The reality, though, is that you are making things more complicated than they could (or should):

it doesn't (usually) make a lot of sense to declare a function in a local scope as an instance method: unless you are completely sure of what you are doing, it is often cause of issues, silent errors, bugs difficult to track down and unexpected behavior (which is exactly your case); while the basic "but it works!" principle may be normally fine, remember that this is not pure python: everything we do on the Qt side from Python is affecting wrapped objects that are abstractions of their C++ counterparts;
nested classes are rarely actually needed, the only benefit they may have is to make those classes "virtually private" (but they are not really private), but the drawbacks they also cause are far more dangerous if you are not careful enough;

Note that the latter aspect if of extreme importance when dealing with bindings to other languages, things that may rely on very complex and delicate mechanisms that should not be mangled by things that could work fine and seem harmless in a normal Python semantic.

♪So what?♪

The solution is quite simple: use explicit classes and expose their methods.

If you really want to make your classes "private", then you could still use name mangling for the module, but keep doing it on top level classes and with their own methods.

Also, consider that most of the times there's no point in relying on the moveToThread() approach, at least with Python bindings: the internal QThread run() function is actually executed in its own thread and will run a separate event loop in it (which is what calls the functions/slots connected to its started signal); since Python doesn't provide real concurrency (due to the GIL), and you will normally not need an event loop at all, the most common approach is to directly subclass QThread and override run() with the actual "worker" processing.

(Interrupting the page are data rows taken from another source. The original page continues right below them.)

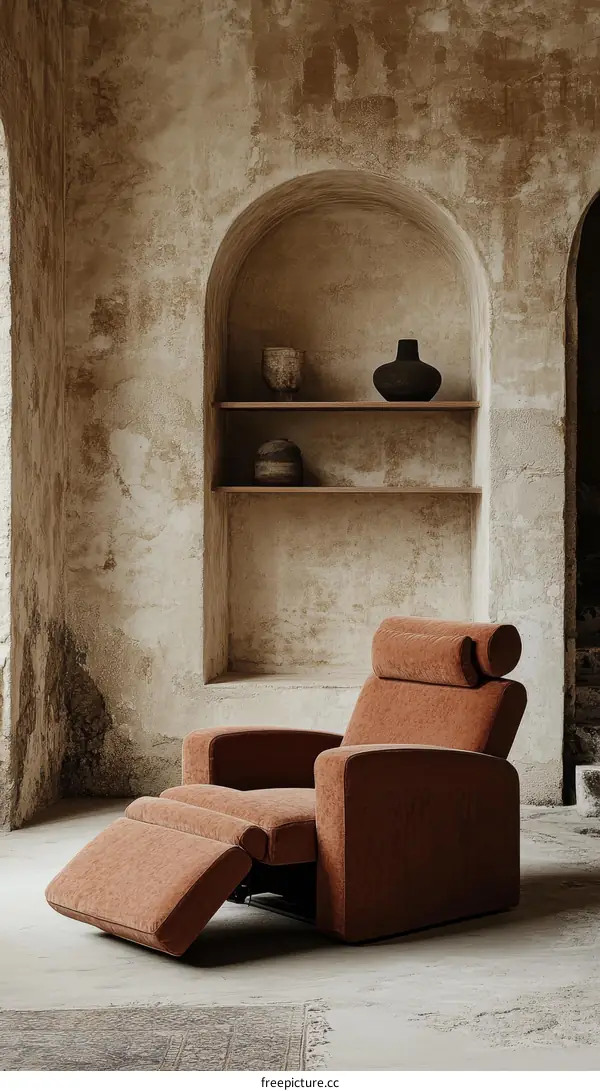 Modern Recliner Chair in Rustic Interior
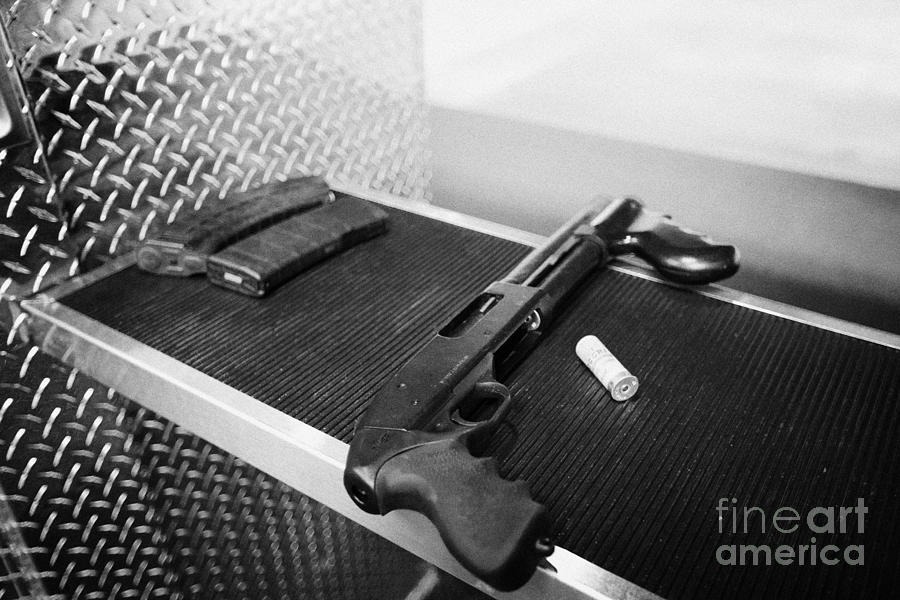 Las Vegas Photograph - 12 Gauge Assault Tactical Shotgun At A Gun Range In Las Vegas Nevada Usa by Joe Fox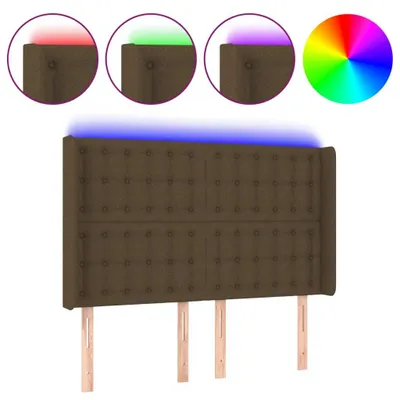 Produktbild von LED Kopfteil Dunkelbraun 147x16x118/128 cm Stoff
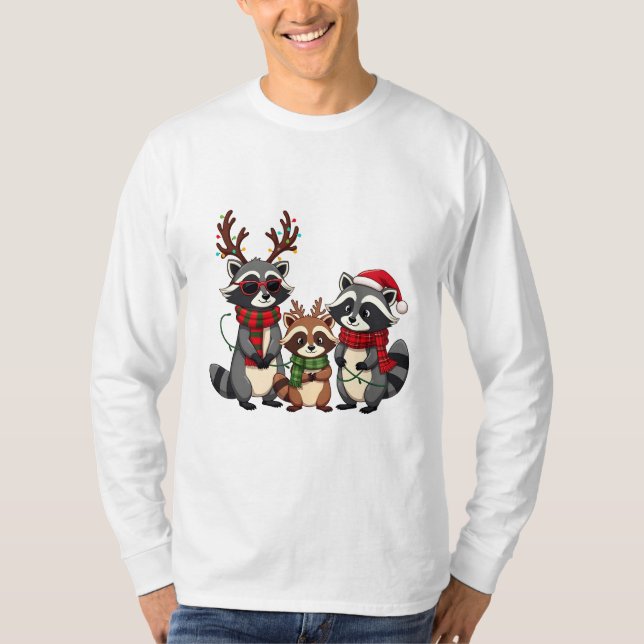 Camiseta Mapaches de Navidad con sombrero de Santa que coin (Anverso)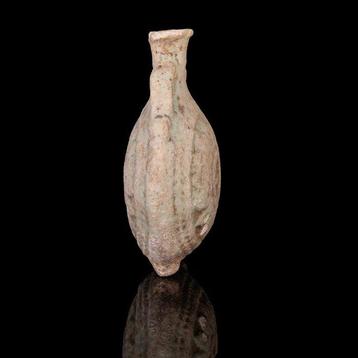 Oud-Egyptisch Delfts aardewerk pelgrimsflesje amulet (Zonder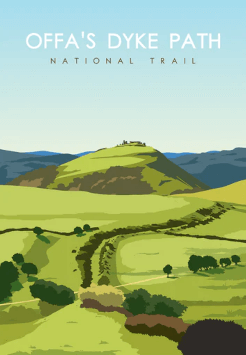 Art depicting a view along the mounded shape of the Offa's Dyke earthworks.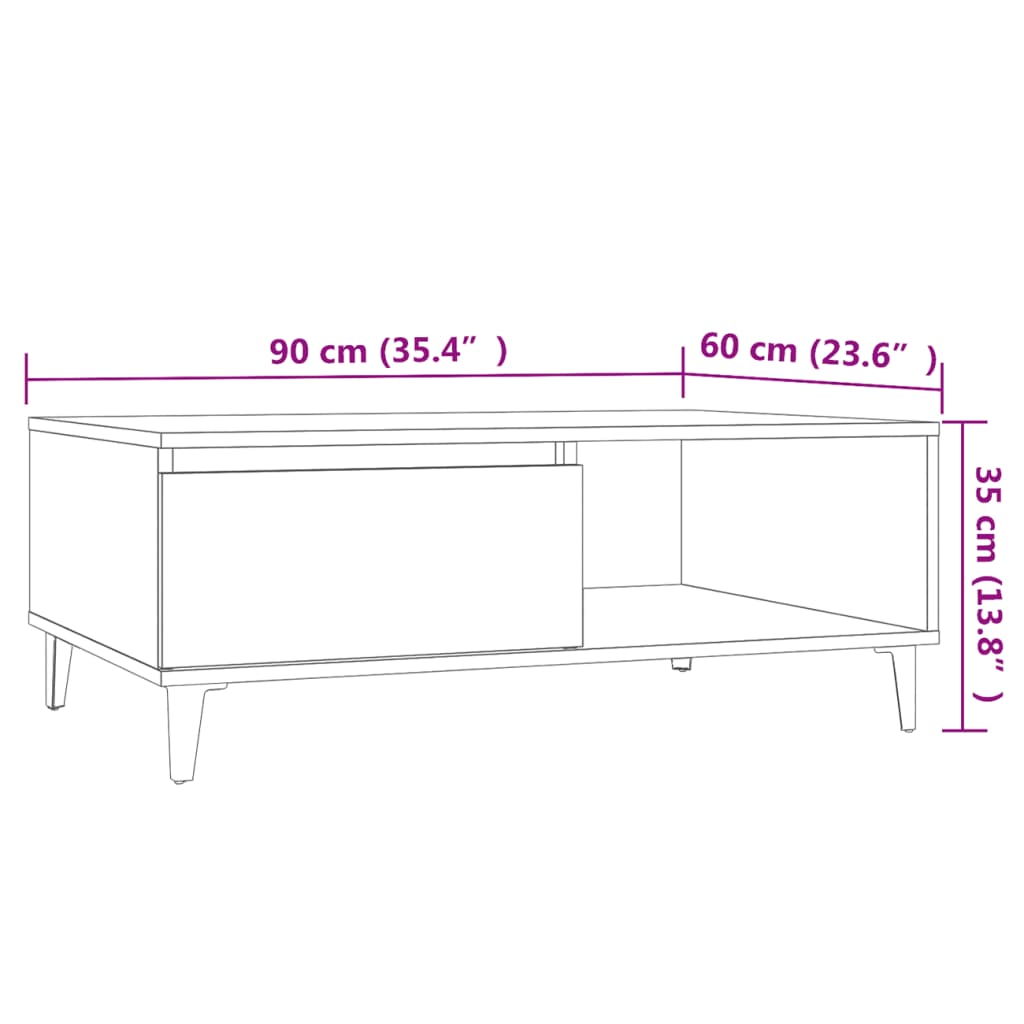 vidaXL Coffee Table Concrete Grey 90x60x35 cm Engineered Wood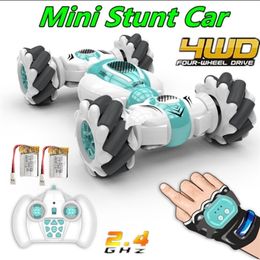 S-012 2.4GHz 4WD Mini RC Stunt Car Remote Control Watch Gesture Sensor Electric Toy RC Drift Car Rotation Gift for Kids Gift 220429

Note that there is still a common misconception about that (notably starting from this post) for which you should "never" subclass QThread. That's not only a non-rule, but it's also a valid approach, especially in Python: you can subclass QThread and override run(). You just need to keep in mind that whatever happens in that function is run in that thread, it is potentially blocking (mostly due to the GIL), which means that there is no event loop running, including what would eventually take care of incoming signals.